Hz. Peygamber'in soyundan gelen bir aileye mensuptur; babası Melik Süleyman Tuğluklular'ın Mültan câgîrdârı idi. Çocukluğu bu şehirde geçmiş, babasının ölümünden sonra Tuğluklu Sultanı III. Muhammed (1390-1393) tarafından onun yerine tayin edilmiştir. Tuğluklu Veziri Mallu (İkbal Han) ve Diopâlpûr hâkimi Sâreng Han ile yaptığı mücadelede Mültan'daki câgîrini kaybetti (1396). Timur'un Hindistan seferi sırasında (1398) Mîvât'a kaçtı; fakat daha sonra onun hizmetine girdi. Tuğluklu sultanları Nusret Şah ile II. Mahmud'un saltanat mücadelelerinden faydalanan Hızır Han yöre halkını kendi tarafına çekti. Timur'un ayrılmasından sonra Tuğluklu Veziri Mallu tekrar ortaya çıkarak Hızır Han'ın arazisini istilâ etmek istediyse de başarılı olamadı. Akabinde Hızır Han karşı hücuma geçti ve kısa zamanda Mültan ve Diopâlpûr dışında Lahor ve Sind'i, arkasından da Delhi yolu üzerindeki kale ve kasabaları hâkimiyeti altına aldı. II. Mahmud ile veziri Mallu, Hızır Han'ın yayılma politikasına karşı koymak istediler; ancak başarılı olamadılar ve Mallu Mültan'ı tekrar istilâ etmeye çalışırken yenilip öldürüldü (1405). Daha sonra Hızır Han Delhi'de kendine taraftar kazanmaya çalıştı. Sultan Mahmud ölünce iktidar boşluğundan faydalanan Devlet Han Lûdî (1413-1414) yönetimi ele geçirdi. Fakat Delhi içerisinde taraftarları iyice artmış olan Mültan Valisi Hızır Han birkaç ay sonra muzaffer bir şekilde şehre girdi ve kendini Timurlular'ın vasalı ilân etti (28 Mayıs 1414). Böylece Delhi Sultanlığı'nda Seyyidler hânedanı dönemi başlamış oldu; tutuklanan Devlet Han Lûdî bir süre sonra öldürüldü.

Hızır Han'ın idareyi ele almasından sonra bazı eyaletlerde olaylar çıktı ve racalar fırsattan istifade ederek haraç ödemediler. Bu gelişmeler üzerine Hızır Han, veziri Tâcülmülk'ü âsileri cezalandırmakla görevlendirdi ve bölgelerde sükûnet tekrar sağlandı (1416).

Sonuna kadar bağlı kaldığı Timurlu ailesine saygısından dolayı Hızır Han "sultan" unvanını almayıp "mesned-i âlî" ve "râyât-ı a'lâ" unvanlarıyla yetindi.
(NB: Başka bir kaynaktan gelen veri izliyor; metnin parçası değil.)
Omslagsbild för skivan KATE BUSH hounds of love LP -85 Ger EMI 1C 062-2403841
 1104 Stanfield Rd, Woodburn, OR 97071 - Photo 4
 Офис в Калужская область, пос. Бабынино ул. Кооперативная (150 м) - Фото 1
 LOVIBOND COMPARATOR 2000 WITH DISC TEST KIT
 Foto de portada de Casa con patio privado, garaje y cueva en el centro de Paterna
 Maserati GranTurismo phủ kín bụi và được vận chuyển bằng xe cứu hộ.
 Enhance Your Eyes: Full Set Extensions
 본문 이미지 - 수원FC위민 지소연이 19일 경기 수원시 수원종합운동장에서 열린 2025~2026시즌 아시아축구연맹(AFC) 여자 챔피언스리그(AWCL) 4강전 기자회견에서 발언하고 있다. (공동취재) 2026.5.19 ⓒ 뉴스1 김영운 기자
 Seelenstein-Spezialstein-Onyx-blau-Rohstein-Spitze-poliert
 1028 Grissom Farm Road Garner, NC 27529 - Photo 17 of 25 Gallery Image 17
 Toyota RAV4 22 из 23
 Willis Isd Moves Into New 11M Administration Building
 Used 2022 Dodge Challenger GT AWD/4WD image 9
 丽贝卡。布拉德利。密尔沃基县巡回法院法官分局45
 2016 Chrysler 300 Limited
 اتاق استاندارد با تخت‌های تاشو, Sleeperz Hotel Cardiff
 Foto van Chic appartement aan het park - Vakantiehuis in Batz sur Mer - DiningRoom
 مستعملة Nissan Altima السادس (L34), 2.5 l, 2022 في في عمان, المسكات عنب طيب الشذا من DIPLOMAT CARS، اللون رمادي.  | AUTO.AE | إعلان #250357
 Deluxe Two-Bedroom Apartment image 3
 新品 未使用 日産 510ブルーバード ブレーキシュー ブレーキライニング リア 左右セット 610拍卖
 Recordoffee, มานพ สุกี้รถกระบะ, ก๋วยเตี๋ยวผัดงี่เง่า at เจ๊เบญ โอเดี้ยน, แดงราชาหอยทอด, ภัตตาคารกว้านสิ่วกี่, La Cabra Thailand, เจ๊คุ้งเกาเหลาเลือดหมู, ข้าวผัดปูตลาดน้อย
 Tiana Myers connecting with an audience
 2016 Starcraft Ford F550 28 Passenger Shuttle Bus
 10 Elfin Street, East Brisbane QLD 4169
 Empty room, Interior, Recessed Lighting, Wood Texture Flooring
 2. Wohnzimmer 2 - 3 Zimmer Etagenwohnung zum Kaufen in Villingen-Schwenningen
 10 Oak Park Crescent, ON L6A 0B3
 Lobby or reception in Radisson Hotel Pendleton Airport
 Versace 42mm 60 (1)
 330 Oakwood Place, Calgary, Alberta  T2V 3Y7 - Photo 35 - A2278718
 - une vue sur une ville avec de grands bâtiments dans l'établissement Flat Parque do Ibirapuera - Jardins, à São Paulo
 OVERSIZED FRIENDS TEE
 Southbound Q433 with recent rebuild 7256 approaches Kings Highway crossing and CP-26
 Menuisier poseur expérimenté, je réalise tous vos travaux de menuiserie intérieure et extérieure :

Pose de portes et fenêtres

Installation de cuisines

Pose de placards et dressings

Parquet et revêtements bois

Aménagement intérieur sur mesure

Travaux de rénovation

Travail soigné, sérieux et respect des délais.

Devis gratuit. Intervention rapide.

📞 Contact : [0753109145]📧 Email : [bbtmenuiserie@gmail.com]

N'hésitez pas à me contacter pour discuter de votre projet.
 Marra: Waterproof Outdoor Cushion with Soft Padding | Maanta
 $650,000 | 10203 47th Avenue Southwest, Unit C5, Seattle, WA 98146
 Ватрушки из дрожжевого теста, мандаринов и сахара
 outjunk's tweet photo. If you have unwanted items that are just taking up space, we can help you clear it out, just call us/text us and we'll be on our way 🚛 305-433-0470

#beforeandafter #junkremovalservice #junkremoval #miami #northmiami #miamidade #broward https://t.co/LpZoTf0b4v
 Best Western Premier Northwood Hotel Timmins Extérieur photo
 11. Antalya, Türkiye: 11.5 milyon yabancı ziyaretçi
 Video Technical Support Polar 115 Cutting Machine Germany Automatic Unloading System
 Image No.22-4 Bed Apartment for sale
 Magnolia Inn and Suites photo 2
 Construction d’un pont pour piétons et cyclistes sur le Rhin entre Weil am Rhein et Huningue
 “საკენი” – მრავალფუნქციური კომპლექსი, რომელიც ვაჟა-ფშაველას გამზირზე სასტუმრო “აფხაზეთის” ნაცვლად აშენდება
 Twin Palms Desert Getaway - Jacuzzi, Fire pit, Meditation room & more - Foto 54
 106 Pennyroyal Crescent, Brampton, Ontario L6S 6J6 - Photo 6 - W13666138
Saltanatı boyunca Timurlular adına hutbe okuttu ve para bastırdı; ancak 820'de (1417) Şâhruh'tan sikkelere kendi adını da koyma iznini aldı. Halacîler ve Tuğluklular zamanındaki devlet teşkilâtını koruyan ve âdet olduğu üzere önemli devlet memuriyetlerine yeni tayinler yapan Hızır Han'ın hükümdarlık dönemi genellikle sınırlarını genişletmek ve kendisine baş kaldıran, vergilerini ödemeyen Hindu racalar ile eyalet valilerini tedip etmekle geçti. Bizzat kumanda ettiği seferlerin çoğunda başarılı olarak istikrarı sağlamış, bunun sonunda da topraklarını genişletip Delhi ve Pencab'ı tekrar birleştirmiştir.

Hızır Han, Gevâliyâr ve Mîvât üzerine yaptığı seferden dönerken İtâve denilen yerde hastalandı ve 17 Cemâziyelevvel 824'te (20 Mayıs 1421) Delhi'de vefat etti. Âdil, cömert, sözüne sadık ve dindar bir hükümdar olarak tanınıyordu. Timur tarafından tahrip edilen Delhi ve civarı onun zamanında imar edilmiş, ülkede güvenlik sağlanmış ve ekonomik durumda düzelme olmuştur.